Statute

Home   »   Association   »   Statute
ASSOCIATION STATUTE

” Cat Eye Syndrome International” Onlus (Non-profit organization)

On 28 February 2014 in Rome, the following people:

– Sylvie Renault , born in Ischia (Naples) on 05/09/1976,resident in Rome;

– Desiree Renault , born in Ischia (Naples) on 07/08/1970, resident in Rome;

– Alexander Mocci , born in Civitavecchia (RM) on 27/10/1979, resident in Civitavecchia (RM);

– Mario Mocci, born in Teulada (CA) on 8 /12/ 1954, resident in Civitavecchia (RM);

stipulated the following written agreement:

1) The constitution of, among those present, pursuant to Dpr 460/1997and the provisions as set out by the Civil Code relating to associations, a non-profit association called:

“Cat Eye Syndrome International” Onlus

which pursues the exclusive purpose of social, human, civil and cultural solidarity and research.

2 ) The Association has its main office in Rome, at the President’s residence currently in Via Casape n. 26.

The Association may decide to open or close secondary offices by resolution of the Board of Directors.

The main office may be transferred via a simple resolution by the assembly.

3) The duration of the Association is to 31 December 2050.

4) The Association is totally non-profit and aims to carry out socially useful activities for its members and third parties, fully respecting their freedom and dignity.
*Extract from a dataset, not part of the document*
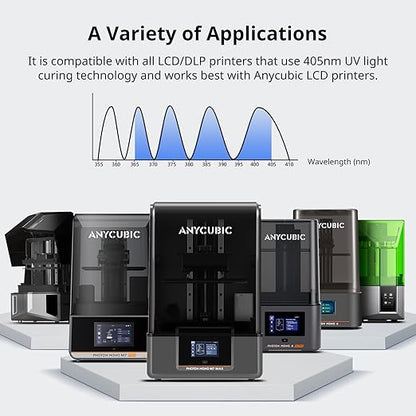 ANYCUBIC ABS-Like Resin 3.0, 3D Printer Resin with Enhanced Strength and Toughness, High Precision and Minimal Shrinkage, Wide Compatibility for All LCD Resin 3D Printers (Black, 4kg)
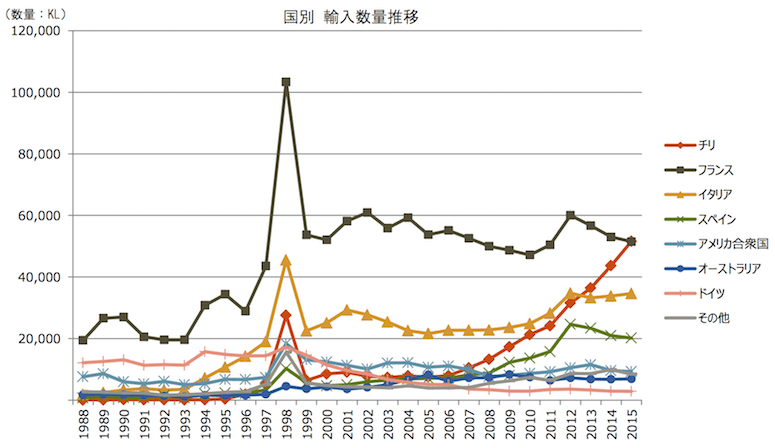 国別輸入量推移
The association will adhere to the following principles: the absence of any profit-making, democracy within its structure, electivity and non-remuneration of the Board members.

The association’s aim is to give the necessary support to its members and their families in order to be informed and to properly deal with all the medical problems, legal and social issues related to the Schmid- Fraccaro Syndrome – Partial tetrasomy of chromosome 22 or Inv Dup (22) ( q11 ) Inverted duplication of chromosome 22q 11.2 and the related syndromes.

In order to achieve its goals, the association intends to operate as specified in art. 2 of the Social Statute.

5 ) The Association shall be governed by the Social Statute and any further regulations .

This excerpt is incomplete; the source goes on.